- What you need to do:
The reply should hold only the lines from the one with "Divano letto angolare" to the one with "21 09 2017.", both ends kept, exactly as they appear below, without any pictures.

- Supplied data:

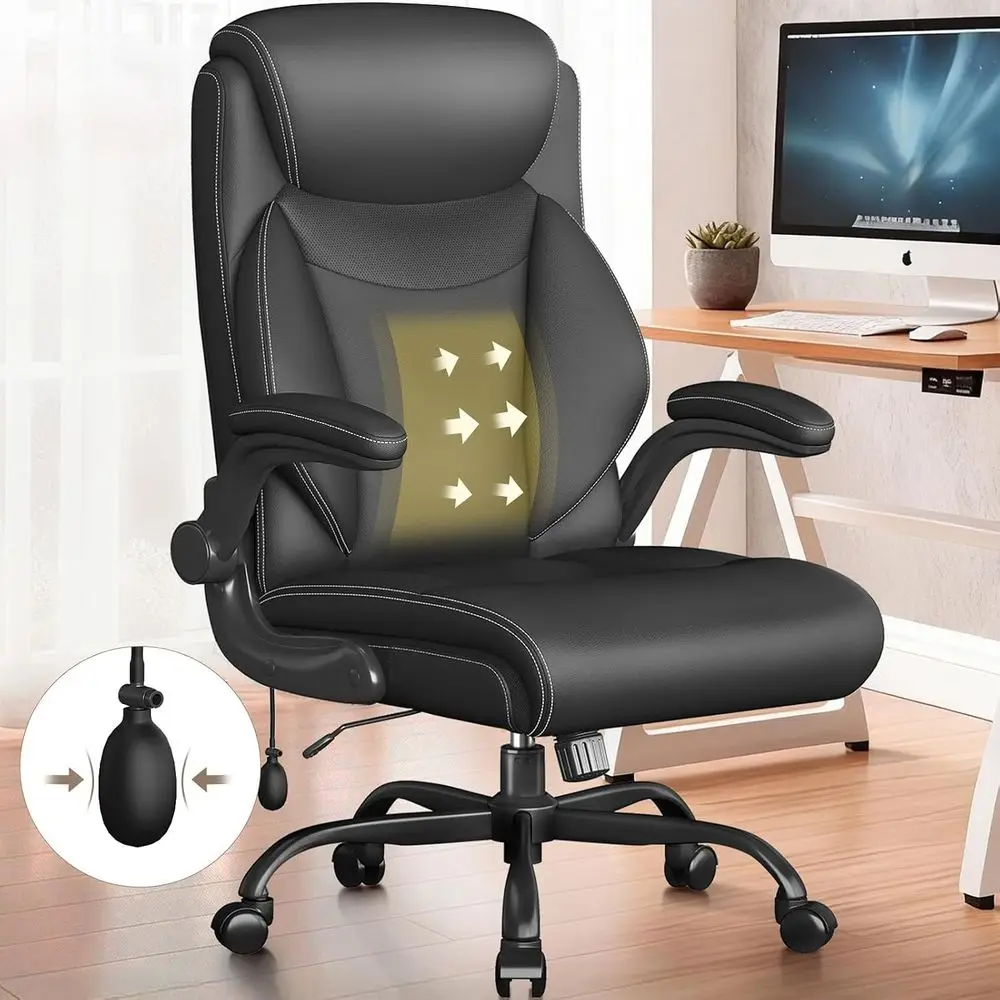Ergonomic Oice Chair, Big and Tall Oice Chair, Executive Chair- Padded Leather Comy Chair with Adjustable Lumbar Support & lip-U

==

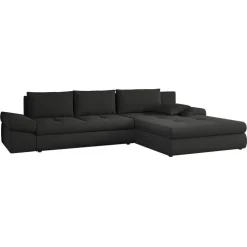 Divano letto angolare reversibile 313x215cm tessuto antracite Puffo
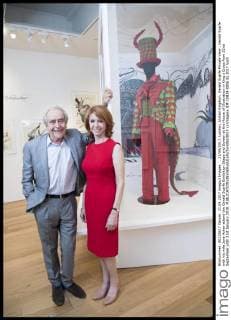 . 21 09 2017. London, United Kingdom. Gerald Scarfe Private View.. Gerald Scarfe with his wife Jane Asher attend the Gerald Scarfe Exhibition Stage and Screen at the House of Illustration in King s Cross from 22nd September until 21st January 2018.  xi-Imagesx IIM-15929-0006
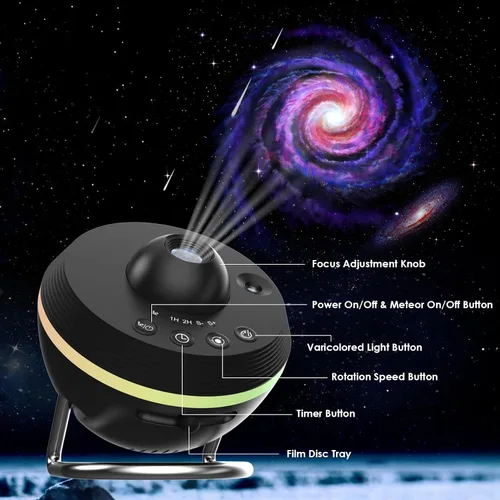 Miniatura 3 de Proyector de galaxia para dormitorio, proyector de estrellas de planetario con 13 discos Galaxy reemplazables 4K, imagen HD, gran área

- Task result:
 Divano letto angolare reversibile 313x215cm tessuto antracite Puffo
 . 21 09 2017. London, United Kingdom. Gerald Scarfe Private View.. Gerald Scarfe with his wife Jane Asher attend the Gerald Scarfe Exhibition Stage and Screen at the House of Illustration in King s Cross from 22nd September until 21st January 2018.  xi-Imagesx IIM-15929-0006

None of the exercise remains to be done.